Masonic Awards are Still Going Strong after Nearly 90 Years

Retired Navy Capt. Jack Evans was a second-class seaman assigned to the battleship USS Tennessee when he awoke December 7, 1941, to the sounds of war as the Japanese attacked Pearl Harbor.

“Everything was on fire. There was fire everywhere,” recalled Evans, in an oral history provided to the website Witness to War. “Even the paint was burning on my ship. The flames were so hot in the stern that it melted the rivets, great big rivets.”

Evans, who received a Purple Heart after suffering shrapnel wounds in the attack, was among the representatives of Chula Vista Masonic Lodge #626, who on April 16 presented citizenship awards to sixth-grade students at nearly 45 schools in the Chula Vista Elementary School District. If Evans represents “living history,” so do the Masons.

The Masonic Awards are in their 89th year in CVESD. The awards program is the lodge’s highlight of “Public Schools Month.” The recognition was first sponsored by the Grand Lodge of Free and Accepted Masons of California in the 1920s. It is promoted every April, with the goal of encouraging the community’s support for public education.

The Chula Vista Lodge was founded in 1925, and by the following year started a tradition of honoring CVESD students for good citizenship as part of Public Schools Month. Many of the representatives this year have been a part of the awards program here for decades, recalling when there were only a handful of school in the District. They witnessed the region’s growth—and the schools’ growth as well.

“Our members who take part in this visitation look forward to being a part of an uplifting program that highlights what we as Americans try to uphold—being good citizens.  Our Lodge is very appreciative of the school district’s exemplary efforts to create a very well organized, and executed awards program,” said Terry Stewart, Secretary of the Chula Vista Lodge.

The student honorees were selected by their teachers using criteria that included behavior, participation in school activities, respect for others, or leadership within peer groups.

Many former award recipients are now in public service, including teachers at District schools that welcomed this year’s Masonic teams.
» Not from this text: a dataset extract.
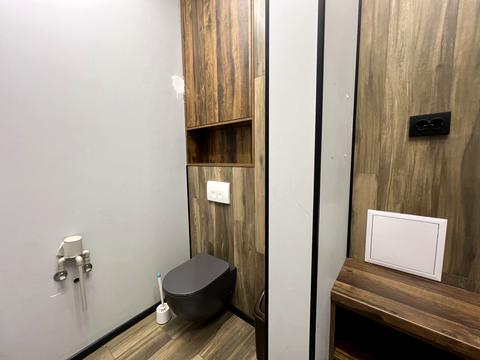 комерційна за адресою І. Богуна вул., 27-В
Thurgood Marshall Elementary Principal Scott Woodward received a Masonic award when he was a student.

“The Masonic Awards are near and dear to my heart because I won the award in 1973,” Woodward said. “Being a good citizen means caring for your fellow classmates, your school, community and family—being an example for what is right through your actions and words.”
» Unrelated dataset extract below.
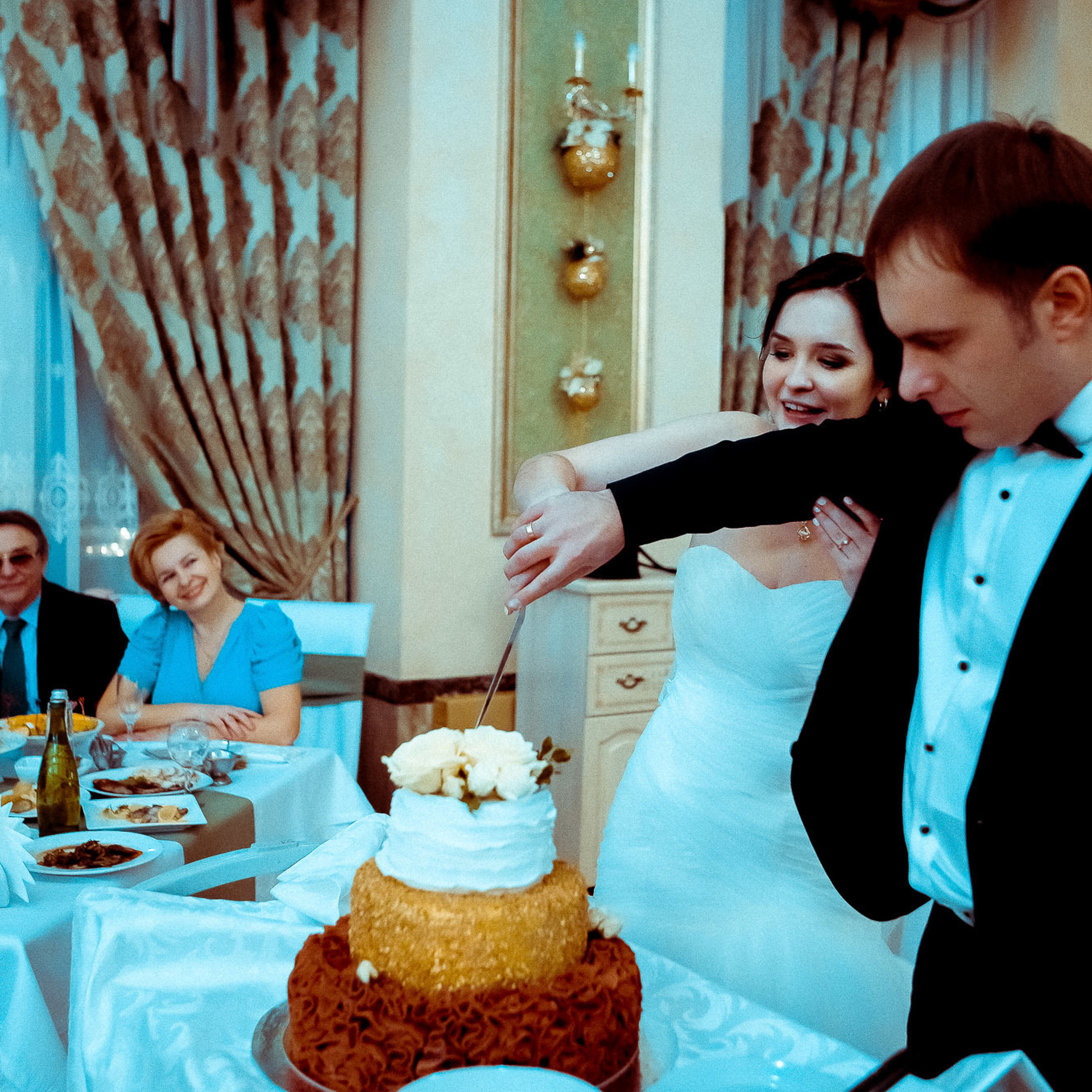 Свадебный фотограф в Ростове-на-Дону. Свадебная фотография в Ростове-н. Максим Матвийченко и Виктория Басова профессионалы своего дела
As part of the awards program, District representatives accompany Masonic team members to the schools. Because of the high number of District schools, 15 teams of District and Masonic representatives fan out across the District.

“Our students, staff members and parents fully understand the value of community partnership, and this awards program is a shining example of what our local schools mean to our community,” said Superintendent Francisco Escobedo, Ed.D. “The message of support for free public education is as important today as it was in the 1920s, when the Grand Lodge began this program.”